Are all tablets suited to work life, though? One could argue that they are. Whatever the size of the app market for the device, some productivity essentials are bound to be available. Browsing, office suites, cloud storage, communication — you can put any tablet to work if you want to, and take it home and either relax or continue working as all good workaholics must.

We don't need a whole new sub category of tablets for work. Or do we? Ask the IT departments, who have a grand job handling a multitude of devices with varying levels of in-security hooking into enterprise networks, demanding specialised software so they can use it to share documents or communicate with colleagues. This is where Cisco — long known for its innovations in wireless, enterprise security and collaborative technologies — decided to jump in with a tablet, Cius. And no, it doesn't compete with the iPad, even though many companies are using the iPad and other tablets at work.

Cisco says it was working on the device a good 18 months before the iPad first became available, but from the start it was targeting a different market. The Cius 7-inch is a B2B tablet, and is not out to wow consumers. It is out to impress the IT department — and it should. I must admit I was sceptical when I heard of it and expected a tablet dressed in many ‘worky' bells and whistles merely acting as differentiators. I was also amazed that Cisco should want to get into the tablet market at all. Quite clearly, it isn't about the tablet, but the services and enterprise-friendly functionality Cisco can heap on the hardware, which it says it developed so it could control how it works rather than compete.

 I was most surprised to learn that the tablet runs on Android — modified by Cisco. You wouldn't think that was the most secure of operating systems, but it happens to be non-proprietary enough to allow for layers of security and other customisation. The community of developers that come with Android is also another reason they opted for it. IT departments will be thrilled to know they can set policies and certifications for what is used on the Cius. There is access to the Android marketplace, but with the IT team in control. It has its own enterprise app store too. But whatever you do with it, the Cius is a workplace device. Wherever the user takes the tablet, it establishes a connection with the enterprise's network using a virtual private network and, so, at no time is it on a non-secure connection.

Collaboration is a critical part of the Cius and Cisco likes to call it a collaboration device. It docks to Cisco's IP phone and computers, so you can switch seamlessly to work on one or the other with no hiccups. The video conferencing capabilities are fantastic; its most visibly impressive capability, in fact. It is the voice and video for enterprise and the virtualisation of the desktop that Cisco is most interested in. You can see the Cius at work in a detailed demo online — search for "Cius" and "inside story" to get there.
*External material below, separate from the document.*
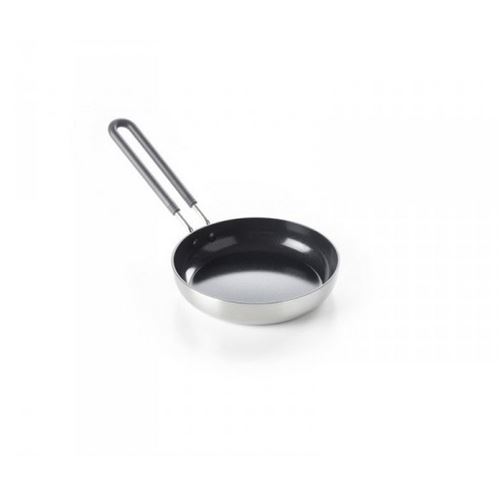 mini-poêle 14cm inox - cc001079-001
Cius will obviously not be available in the usual gadget marts as it will reach the user through the enterprise. It's available in India as of April and is being taken up by many verticals, particularly the finance sector.

Dell has also brought in an enterprise-friendly tablet, the Latitude ST. This one is a 10-inch, and the idea is for it to be a more mobile laptop, an extension of what you do already. The whole ‘corporate image' you see on a laptop can be echoed on the tablet, which runs on your Windows 7 OS and an Intel Atom 1.5 GHz processor with 2GB RAM. So Dell's focus, although it also takes into account security, application management and collaboration, is on providing a device for those situations when the mobility of the laptop isn't enough. To make it easier to input data into the tablet, avoiding any learning curve, it has a stylus.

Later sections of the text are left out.